Employees on Declared Emergency Leave are entitled to their normal benefits so long as the employee continues to pay their portion of the premiums (where applicable).

Employees who go on Declared Emergency Leave because of orders for mandatory closure of all non-essential workplaces should apply for EI regular benefits immediately.

Read all about the Ontario Closure of all Non-Essential Workplaces. A full list of Ontario businesses that are ordered to close is here.

Employment Standards Act Sick Leave and Coronavirus

Prior to the COVID-19 pandemic, in Ontario, employees were permitted to take only three unpaid sick days per year as per the Employment Standards Act.

New Kind of Leave in Ontario

However, as of March 16, 2020, the Ontario government has proposed that employees with coronavirus illness, symptoms or quarantine can take a new kind of leave called “Infectious Disease Emergency Leave“. Employees with coronavirus illness, symptoms or quarantine may take as many job-protected Infectious Disease Emergency Leave days as they require. To be clear, with these proposed changes, an employee cannot be terminated for taking a long leave due to coronavirus illness, symptoms or quarantine. If an employee is terminated for taking a leave related to coronavirus illness, symptoms or quarantine, they can be reinstated.

Also as of March 16, 2020, the Ontario government proposed that an employer is not permitted to ask an employee for a doctor’s note evidencing that the employee is sick with coronavirus or under an order to quarantine.

We expected the Ontario government to act quickly to amend the Employment Standards Act to permit sick or quarantined people more than three unpaid sick days per year as a result of the worsening coronavirus pandemic and get rid of the right of employers to ask for doctor’s notes, and they did.

Infectious Disease Emergency Leave

As anticipated, the Ford government acted quickly to make the above-noted proposals law. On March 19, 2020 the Employment Standards Amendment Act (Infectious Disease Emergencies), 2020 came into effect, which added a new kind of leave: Infectious Disease Emergency Leave.

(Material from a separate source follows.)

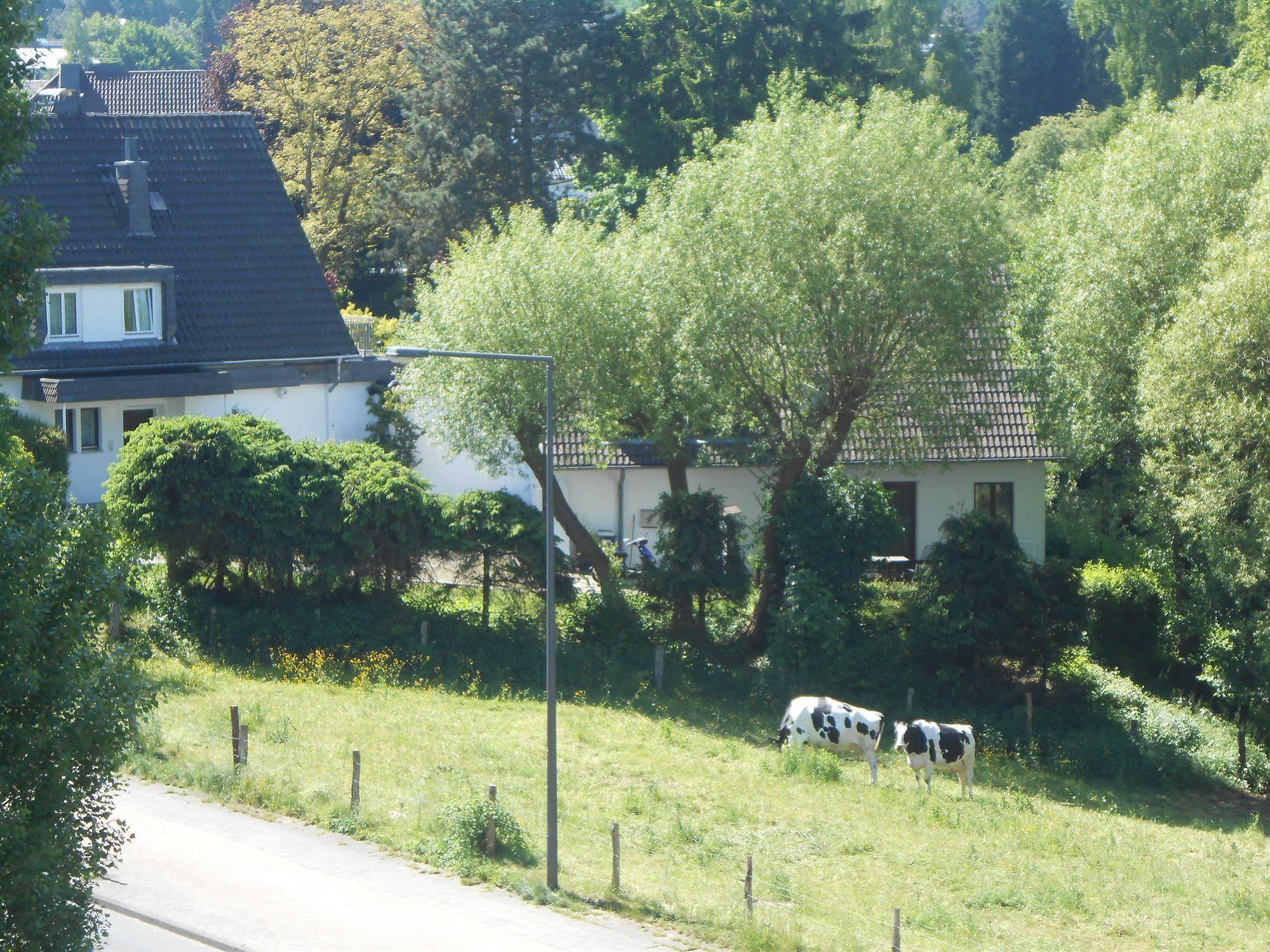 Hotel Buschhausen Aachen Bagian luar foto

Infectious Disease Emergency Leave provides for a new unpaid, job-protected emergency leave to employees in isolation or quarantine due to COVID-19, or those who need to be away from work to care for children because of school or daycare closures or to care for other relatives.

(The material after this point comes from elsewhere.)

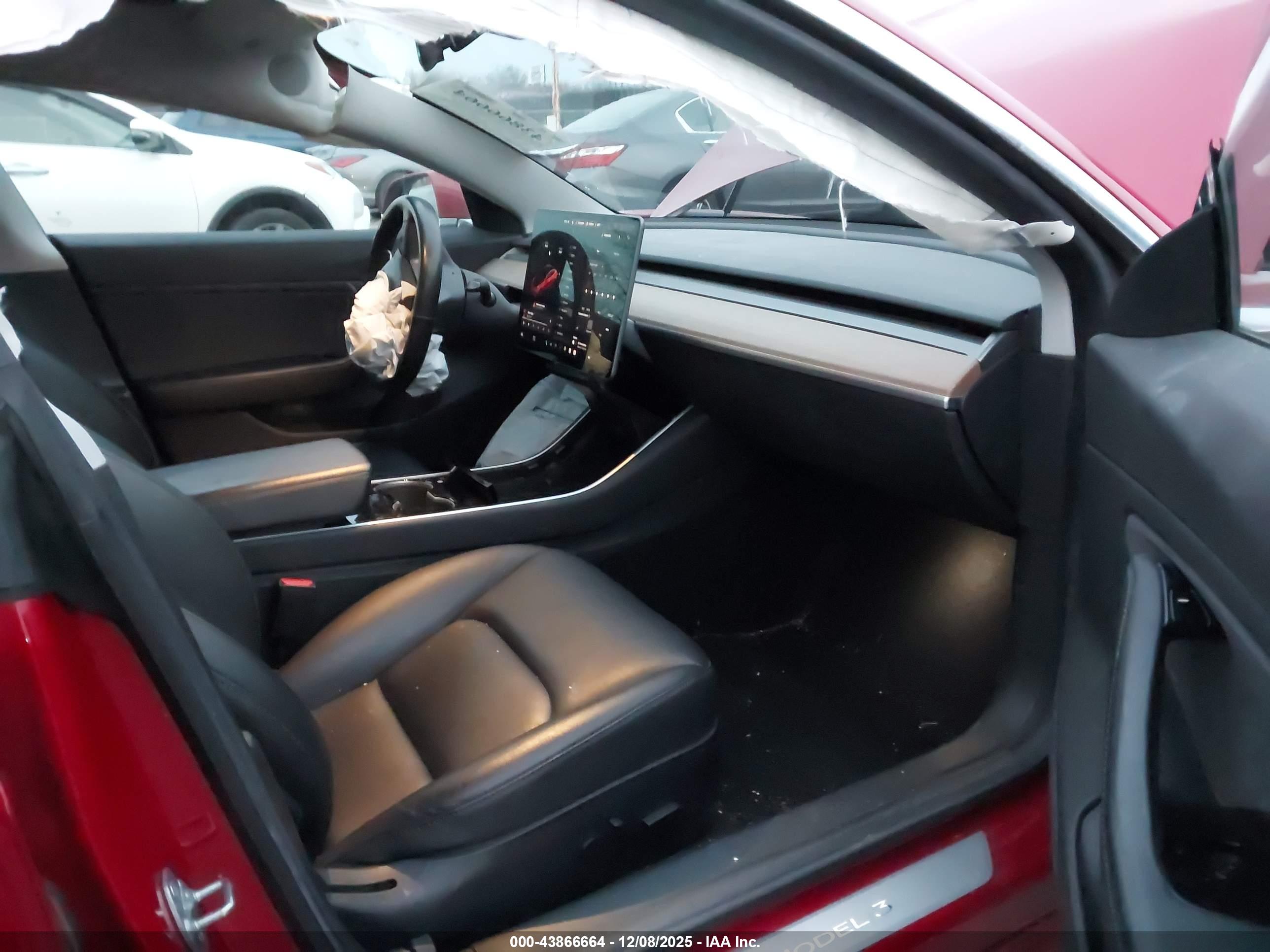 TESLA MODEL image 5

Individuals affected by COVID-19 coronavirus should therefore now take an Infectious Disease Emergency Leave from work, not a “Sick Leave”.

Infectious Disease Emergency Leave provides job protection for employees unable to work for the following reasons:

  • The employee is under medical investigation, supervision or treatment for COVID-19.
  • The employee is acting in accordance with an order under the Health Protection and Promotion Act.
  • The employee is in isolation or quarantine in accordance with public health information or direction.
  • The employer directs the employee not to work due to a concern that COVID-19 could be spread in the workplace.
  • The employee needs to provide care to a person for a reason related to COVID-19 such as a school or day-care closure.
  • The employee is prevented from returning to Ontario because of travel restrictions.

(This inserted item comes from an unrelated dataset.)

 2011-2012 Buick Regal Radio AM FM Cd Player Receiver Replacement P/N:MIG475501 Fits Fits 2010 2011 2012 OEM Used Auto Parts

An employee can take Infectious Disease Emergency Leave to care for the following individuals:

  • The employee’s spouse.
  • A parent, step-parent or foster parent of the employee or the employee’s spouse.
  • A child, step-child or foster child of the employee or the employee’s spouse.
  • A child who is under the legal guardianship of the employee or the employee’s spouse.  
  • A brother, step-brother, sister or step-sister of the employee.
  • A grandparent, step-grandparent, grandchild or step-grandchild of the employee or the employee’s spouse.  
  • A brother-in-law, step-brother-in-law, sister-in-law or step-sister-in-law of the employee.
  • A son-in-law or daughter-in-law of the employee or the employee’s spouse.
  • An uncle or aunt of the employee or the employee’s spouse.
  • A nephew or niece of the employee or the employee’s spouse.
  • The spouse of the employee’s grandchild, uncle, aunt, nephew or niece.
  • A person who considers the employee to be like a family member, provided the prescribed conditions, if any, are met.
  • Any individual prescribed as a family member for the purposes of this section.

The law also makes it clear that an employee will not be required to provide a medical note if they need to take the leave.

These March 19, 2020 measures are retroactive to January 25, 2020, the date that the first presumptive COVID-19 case was confirmed in Ontario. They will remain in place until COVID-19 is defeated.

Update, June 2, 2020: In a surprise regulation issued on May 29, 2020, retroactive to March 1, 2020 and until Ontario’s emergency order is no longer in place, all covid related temporary lay-offs will be deemed an infectious disease emergency leave. O. Reg. 228/20 appears to attempt to make life more predictable for employers. It prevents employees from complaining that they have been “constructively dismissed” to the Ministry of Labour. The new regulation also declares that workers who were laid off shall not be deemed to have been laid off, but instead are on “infectious diseases emergency leave.” The way it does this however, is quite confusing, as for instance employees who were told they were “laid off” will now be counted as being on leave, even though they did not request it. Call us for more on this regulation.

Who does Infectious Disease Emergency Leave apply to?

Most employees and employers in Ontario are covered by the provisions in this legislation, whether they work full-time, part-time, are students, temporary help agency assignment employees, or casual workers.

It does not apply to people in sectors that fall under federal jurisdiction, including employees working for banks, airports, inter-provincial and international rail, and federal crown corporations.

Infectious Disease Emergency Leave and Terminations

It is important to keep in mind that the Employment Standards Act only prevents an employer from terminating an employee for taking sick leave or Infectious Disease Emergency Leave. In Ontario, an employer can terminate an employee without cause for any reason unless it is discriminatory so long as it provides “notice“. For example, an employer is still free to terminate employees at a workplace affected by COVID-19 for business reasons.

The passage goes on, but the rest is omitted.